● **Directions for this task**:
In the material below, find the line with "Visoka vpojnost in učinkovito čiščenje" and the line with "Kirayə verilir obyekt 73 m²", then output both and every line between them exactly, omitting pictures.

### Dataset records

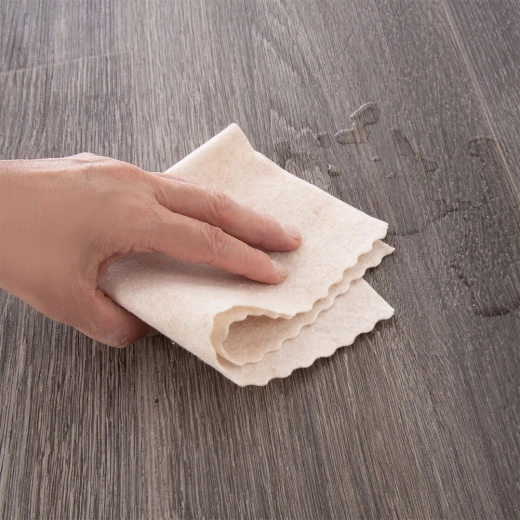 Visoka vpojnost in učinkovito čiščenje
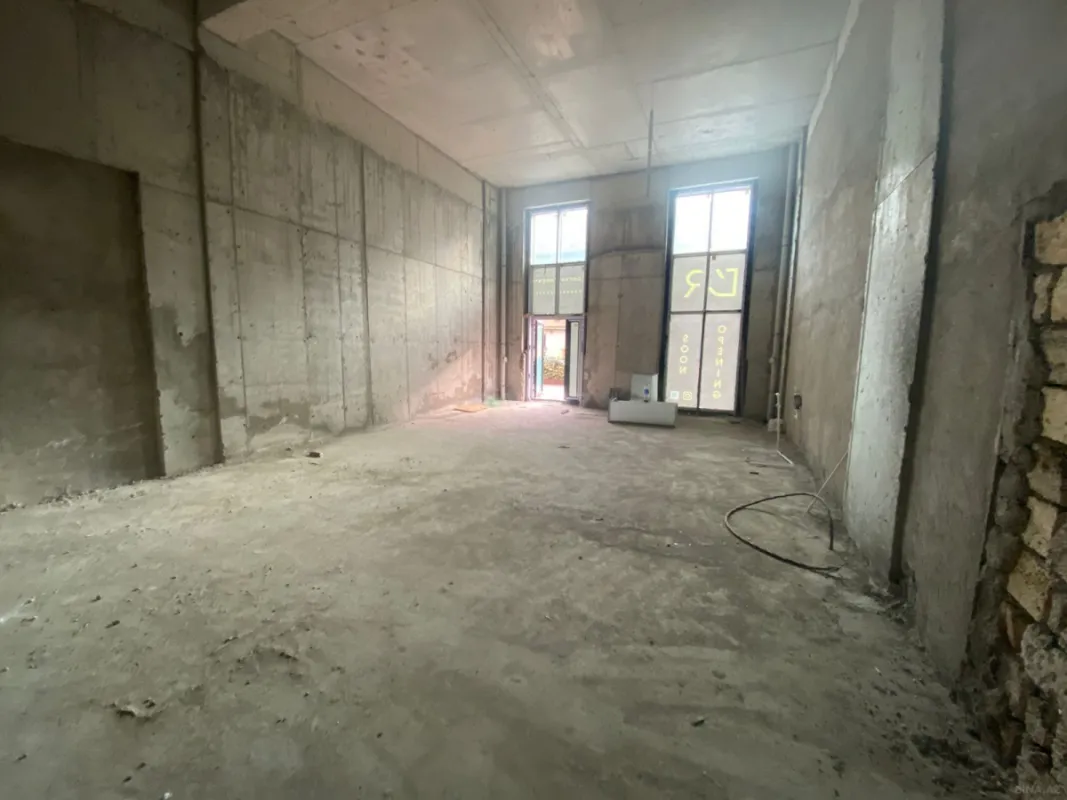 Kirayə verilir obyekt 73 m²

######
### Dataset records

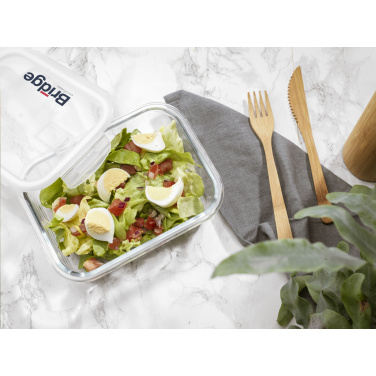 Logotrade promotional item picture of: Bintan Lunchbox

######
### Dataset records

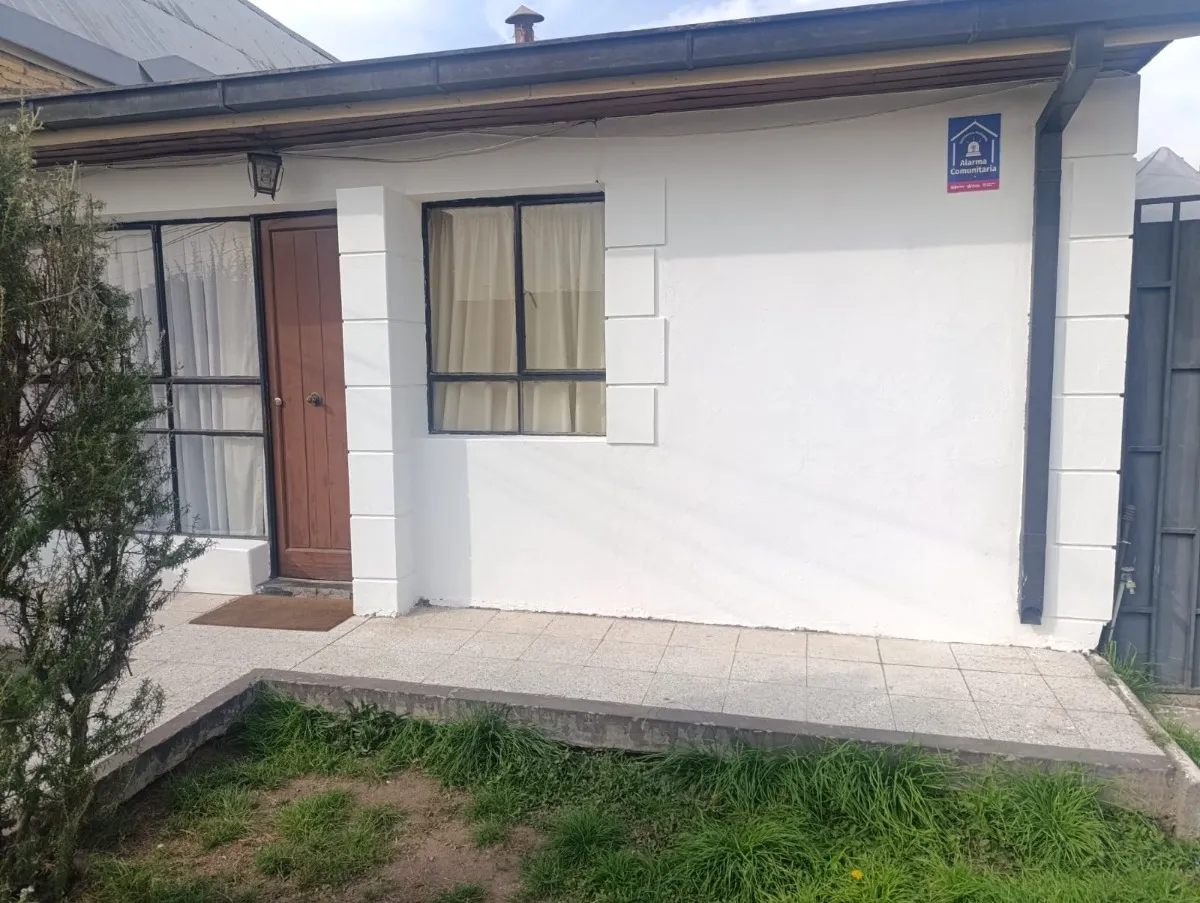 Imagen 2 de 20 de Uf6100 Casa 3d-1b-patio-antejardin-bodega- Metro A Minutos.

######

● **Solution to this task**:
 Visoka vpojnost in učinkovito čiščenje
 Kirayə verilir obyekt 73 m²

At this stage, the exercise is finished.